Collaborative law is often a good choice for Maryland couples going through so-called ‘gray’ divorce, which basically means choosing to divorce when both spouses are over the age of 50. For those who are unfamiliar with collaborative law, this process involves a couple amicably deciding the issues of their divorce rather than going through a more contentious litigation and allowing a judge to make the final decisions. Both spouses will sit down with a team of professionals that can include attorneys, financial planners and even licensed mental health professionals who serve as coaches to help iron out all of the issues.
Gray divorce has seen a huge increase over the past few decades. Back in 1990, only one in ten couples filing for divorce were aged 50 of over. That contrasts pretty markedly with the one in four couples over the age of 50 filing for divorce in 2009. Many reasons may be behind this growing trend, including a decreasing stigma toward divorce in American society in general, and the fact that many Baby Boomers are more self-aware about wanting fulfilling marriages.
Many of the people in this age demographic made the conscious choice to stay together until their children are grown and out of the house. Once that occurs, they decide they no longer want to stay in an unhappy marriage, especially when confronted with the fact that people are living longer than ever. This can be especially true for women, since statistics show that they often live longer and enjoy greater levels of health than their male counterparts.
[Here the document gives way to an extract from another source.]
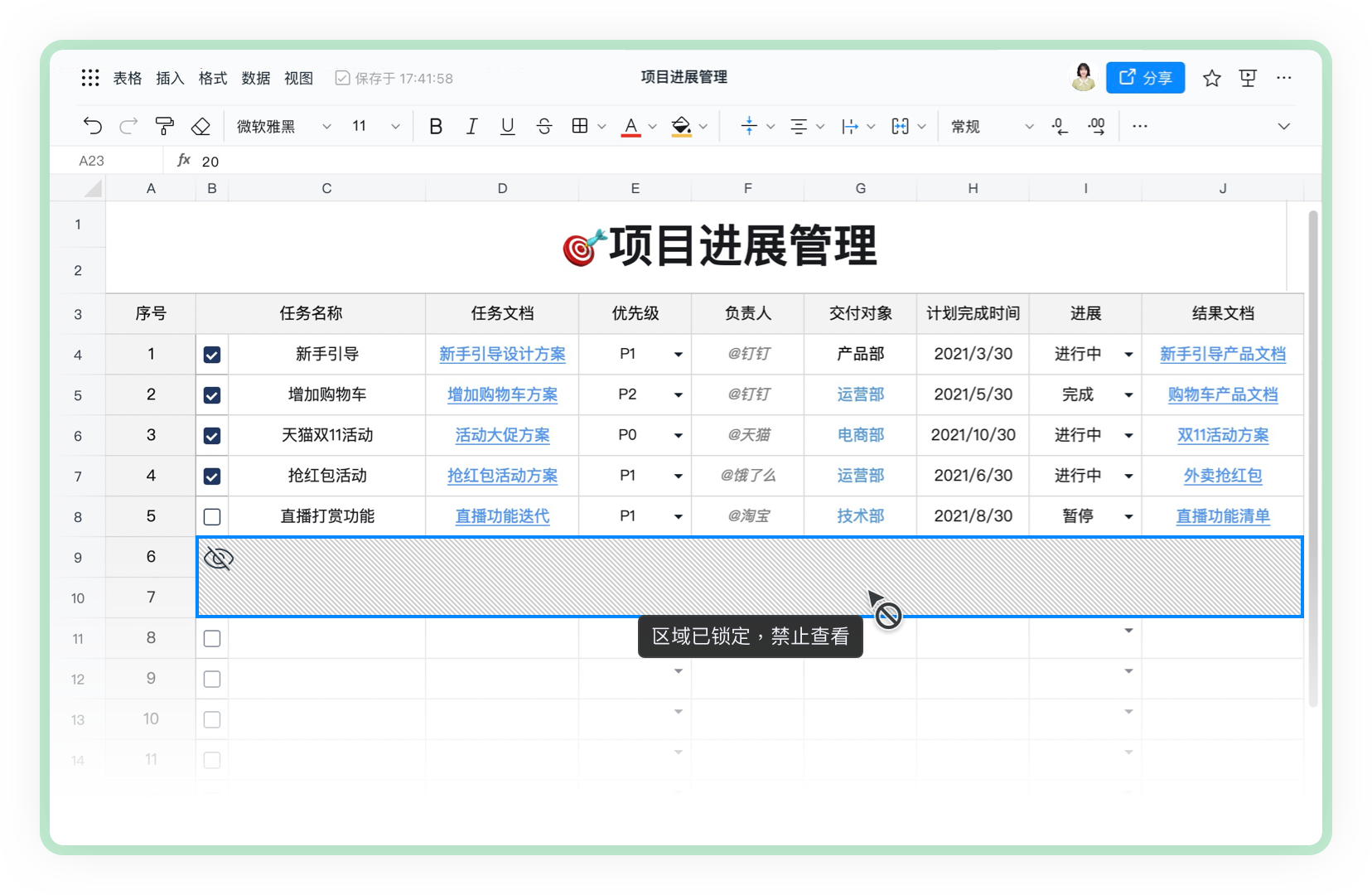 《钉钉》文档是什么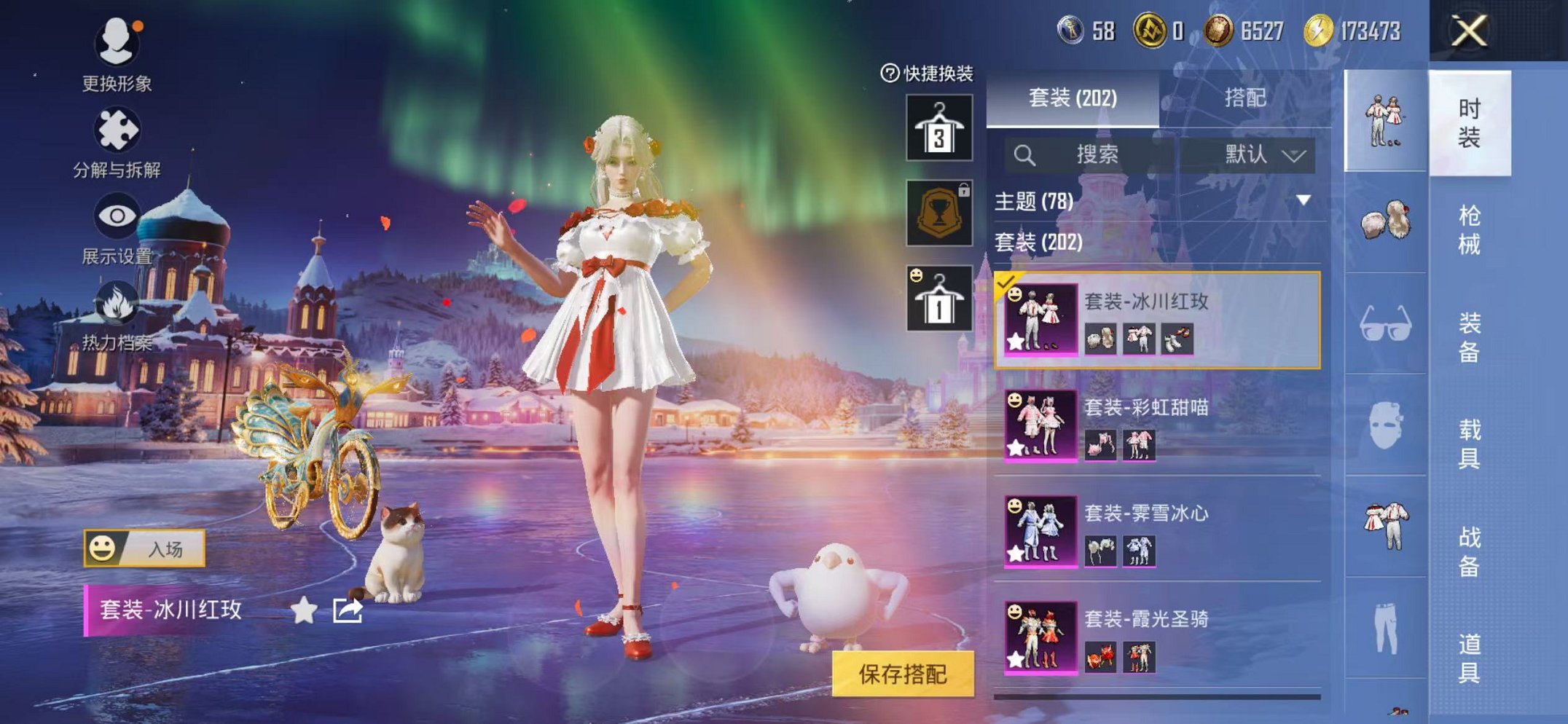 HPCMW3445240和平精英账号详情图19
An older Maryland couple that decides to divorce may be interested in researching the collaborative law process. This can provide a quicker, less expensive option for some couples and can allow the splitting spouses the chance to decide issues such as alimony, dividing up marital assets and retirement benefits. That last can be a particularly important issue for couples over the age of 50. By researching divorce mediation, couples over the age of 50 may find that it is a desirable option to make their breakup happen as smoothly and amicably as possible.